Playing nicely with other users
You may want to run a program that takes long time and uses most of the CPU cores in your server. If other users may need to run smaller programs at the same time, it is polite to lower your program’s priority. This will cause your program to slow down a bit more than the other user’s.
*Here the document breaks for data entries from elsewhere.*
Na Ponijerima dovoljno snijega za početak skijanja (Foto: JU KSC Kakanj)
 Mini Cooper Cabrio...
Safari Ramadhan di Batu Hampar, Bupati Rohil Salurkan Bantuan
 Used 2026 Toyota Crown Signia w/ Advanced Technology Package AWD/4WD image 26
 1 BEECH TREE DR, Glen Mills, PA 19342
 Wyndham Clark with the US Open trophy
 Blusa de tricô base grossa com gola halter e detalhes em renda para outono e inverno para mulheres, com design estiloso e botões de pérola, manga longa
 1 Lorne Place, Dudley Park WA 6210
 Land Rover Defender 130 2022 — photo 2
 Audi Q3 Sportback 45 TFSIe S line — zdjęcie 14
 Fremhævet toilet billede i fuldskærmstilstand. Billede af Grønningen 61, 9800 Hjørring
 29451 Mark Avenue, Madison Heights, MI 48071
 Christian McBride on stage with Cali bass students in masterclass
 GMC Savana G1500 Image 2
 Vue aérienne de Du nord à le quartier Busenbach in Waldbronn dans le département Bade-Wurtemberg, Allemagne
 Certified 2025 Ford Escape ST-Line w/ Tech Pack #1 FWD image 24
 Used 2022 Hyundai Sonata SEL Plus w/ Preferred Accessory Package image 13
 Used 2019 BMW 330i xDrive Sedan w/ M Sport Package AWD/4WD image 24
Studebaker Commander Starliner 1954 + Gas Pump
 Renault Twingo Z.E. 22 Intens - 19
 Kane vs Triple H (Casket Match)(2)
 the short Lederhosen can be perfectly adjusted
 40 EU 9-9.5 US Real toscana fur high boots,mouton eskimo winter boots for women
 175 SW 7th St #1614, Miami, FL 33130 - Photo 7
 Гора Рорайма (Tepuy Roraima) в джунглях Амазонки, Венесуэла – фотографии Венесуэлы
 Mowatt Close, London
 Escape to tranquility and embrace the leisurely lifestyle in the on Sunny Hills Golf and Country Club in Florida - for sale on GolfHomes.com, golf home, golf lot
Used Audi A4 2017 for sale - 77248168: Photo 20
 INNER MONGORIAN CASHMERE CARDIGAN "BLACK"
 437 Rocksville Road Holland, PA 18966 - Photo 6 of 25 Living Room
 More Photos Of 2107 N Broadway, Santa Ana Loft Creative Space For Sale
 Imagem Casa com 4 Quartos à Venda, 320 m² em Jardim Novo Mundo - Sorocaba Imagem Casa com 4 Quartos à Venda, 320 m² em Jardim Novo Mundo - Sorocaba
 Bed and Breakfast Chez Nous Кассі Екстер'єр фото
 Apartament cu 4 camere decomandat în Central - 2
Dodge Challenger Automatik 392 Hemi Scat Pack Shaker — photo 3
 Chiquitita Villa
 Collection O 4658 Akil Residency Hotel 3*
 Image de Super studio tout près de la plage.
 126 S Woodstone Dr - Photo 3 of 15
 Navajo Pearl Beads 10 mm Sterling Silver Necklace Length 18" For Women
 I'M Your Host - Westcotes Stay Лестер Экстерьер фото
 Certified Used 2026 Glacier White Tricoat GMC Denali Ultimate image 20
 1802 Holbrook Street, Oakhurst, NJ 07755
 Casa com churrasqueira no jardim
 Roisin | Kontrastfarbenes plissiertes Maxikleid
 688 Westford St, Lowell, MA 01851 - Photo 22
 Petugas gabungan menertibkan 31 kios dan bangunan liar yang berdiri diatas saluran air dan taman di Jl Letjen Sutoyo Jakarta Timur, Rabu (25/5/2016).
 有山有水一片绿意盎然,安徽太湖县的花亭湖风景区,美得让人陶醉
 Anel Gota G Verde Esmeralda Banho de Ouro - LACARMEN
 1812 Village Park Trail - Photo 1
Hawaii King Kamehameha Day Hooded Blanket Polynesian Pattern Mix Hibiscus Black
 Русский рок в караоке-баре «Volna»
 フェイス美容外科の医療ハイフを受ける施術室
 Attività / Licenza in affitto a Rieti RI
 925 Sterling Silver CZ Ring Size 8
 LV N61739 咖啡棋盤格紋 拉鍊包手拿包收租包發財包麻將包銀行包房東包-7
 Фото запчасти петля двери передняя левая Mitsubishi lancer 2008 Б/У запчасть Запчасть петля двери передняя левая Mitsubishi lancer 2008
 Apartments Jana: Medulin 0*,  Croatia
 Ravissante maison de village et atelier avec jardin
$ nice ./run_simulation -c 4
The nice
command will lower a process’ priority by increasing its nice
value. You can see process’ nice values in the ‘NI’ column of top.
Process Status command
The ps
command will show you a list of your processes, similar to the process list in the top
command’s display:
$ ps ux
USER PID %CPU %MEM VSZ RSS TTY STAT START TIME COMMAND
jane 22825 0.2 0.0 21396 5248 pts/0 Ss 14:06 0:00 -bash
jane 22875 0.2 0.0 21468 5436 pts/1 Ss 14:06 0:00 -bash
jane 22920 176 13.1 1071500 1050084 pts/1 Sl+ 14:07 0:14 ./run_simulation -c 2 -m 1024
jane 22926 0.0 0.0 36088 3316 pts/0 R+ 14:07 0:00 ps u
Running out of memory?
You are concerned that some running processes are taking up too much memory and it will affect your ability to run your program. What tool(s) can you use to assess the situation?
Solution
top
will give you a summary of all of the processes currently running, along with the amount of memory currently being used by each process.free
will give you a summary of the current memory use and how much memory is available.
Checking disk space
Which tool would you use to determine how much free space is available on the local hard disk?
ps
free
du
df
Solution
- No:
ps
aka ‘process status’ gives you information about running processes, not disk space.- No:
free
displays the amount of free and used memory (not disk space) in the system.- No:
du
gives an estimated file size for a specified file or folder, it will not tell you how much space is remamning.- Yes:
df
will report the total used and available space (among other things) on every disk in the machine.
Key Points
The
top
command shows an interactive display of hardware resources.The
free
command shows memory use.The
df
command shows available disk space.The
nice
command changes a process’ priority.The
ps
command shows a list of processes